Regex/ Code to Fix Corrupt Serialized PHP Data

How to repair a serialized string that has been corrupted due to a removed slash before a single quote?

After doing further research I have found a work around solution. According to this blog post:

"It turns out that if there's a ", ', :, or ; in any of the array
values the serialization gets corrupted."

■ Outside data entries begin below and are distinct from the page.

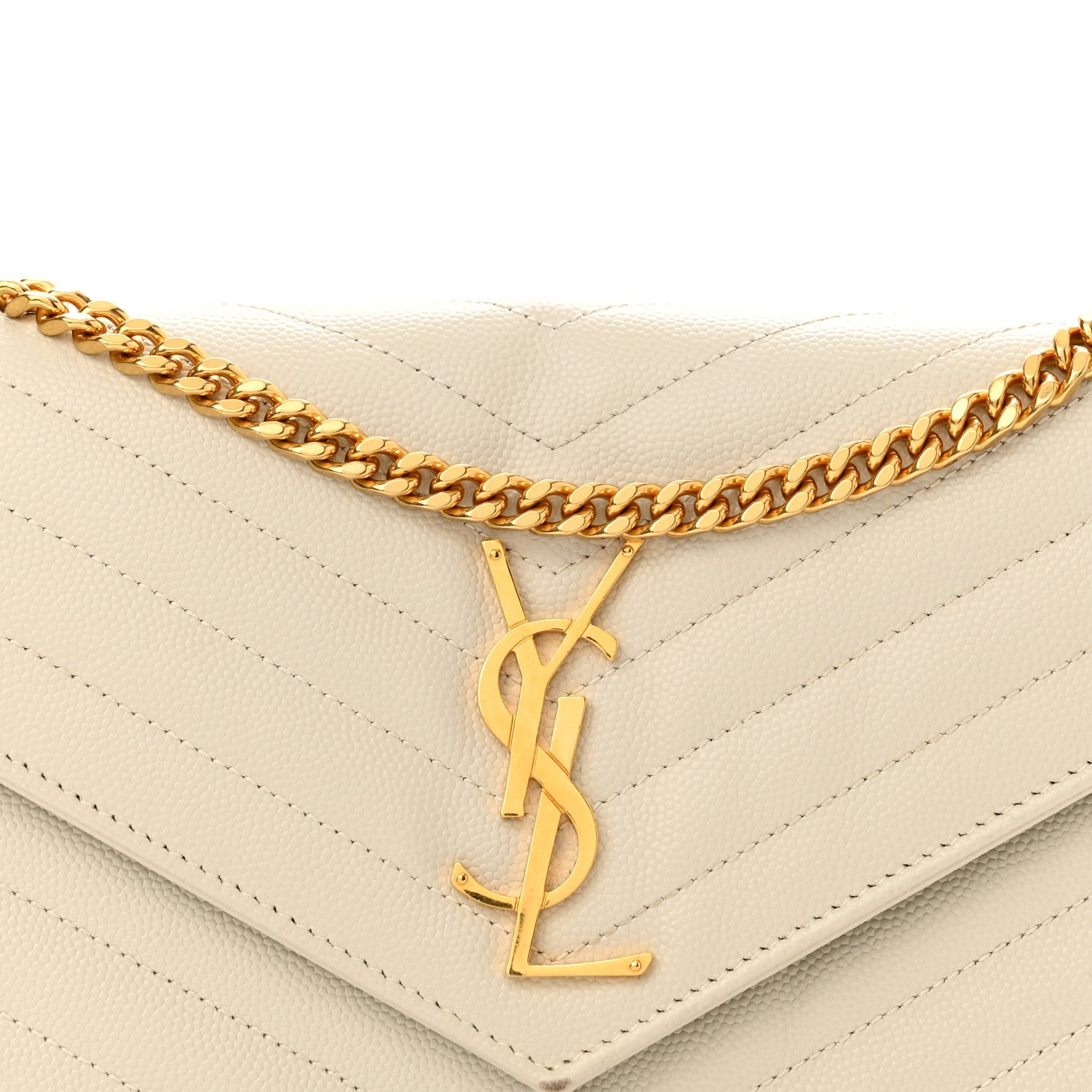 Saint Laurent Grain De Poudre Matelasse Chevron Monogram Chain Wallet Crema Soft 14 of 15
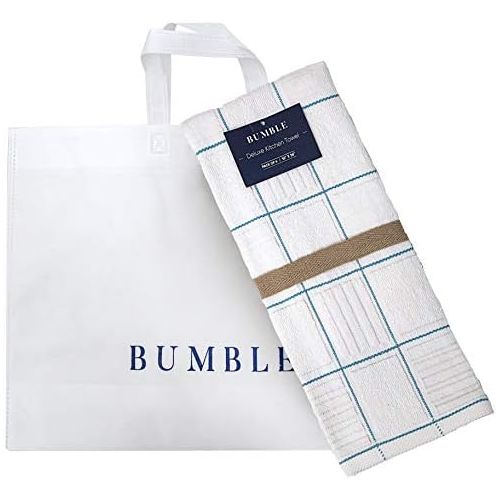  [아마존베스트]Bumble Towels Premium Kitchen Towels (16”x 26”, 6 Pack)  Large Cotton Kitchen Hand Towels  Window Pane Design  435 GSM Highly Absorbent Tea Towels Set with Hanging Loop  Aqua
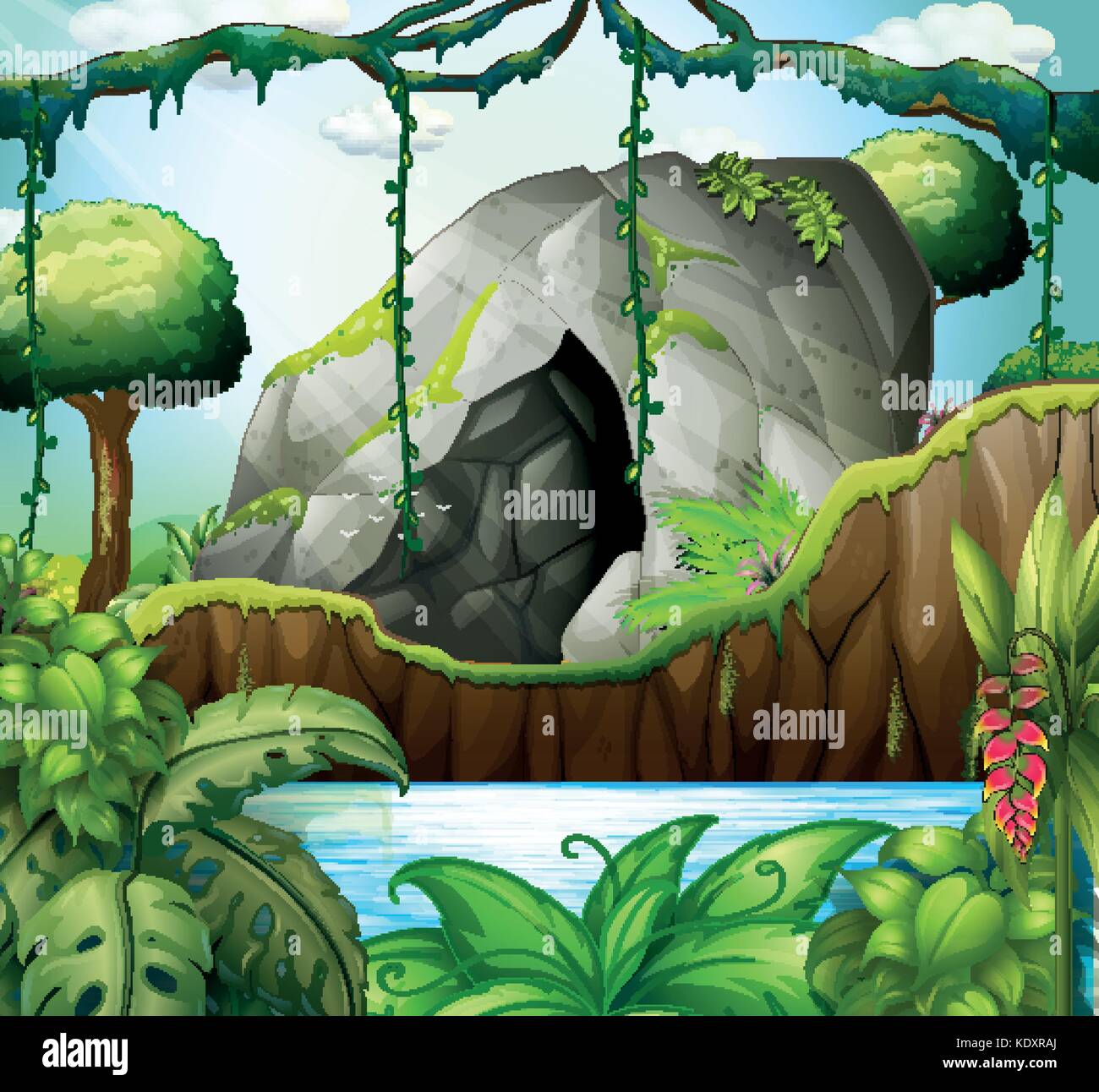 Scène avec cave dans la forêt profonde illustration Illustration de Vecteur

If I was working on a site that hadn't yet been put live, a prevention method would have been to base64_encode my serialized data before it was stored in the database like so:

base64_encode( serialize( $my_data ) );

And then:

unserialize( base64_decode( $encoded_serialized_string ) );

when retrieving the data.

However, as I cannot change what has already been stored in the database, this very helpful post(original post no longer available, but looks like this) provides a solution that works around the problem:

$fixed_serialized_data = preg_replace_callback ( '!s:(\d+):"(.*?)";!', function($match) {
return ($match[1] == strlen($match[2])) ? $match[0] : 's:' . strlen($match[2]) . ':"' . $match[2] . '";';
}, $my_data );

$result = unserialize( $fixed_serialized_data );

How to repair a serialized string which has been corrupted by an incorrect byte count length?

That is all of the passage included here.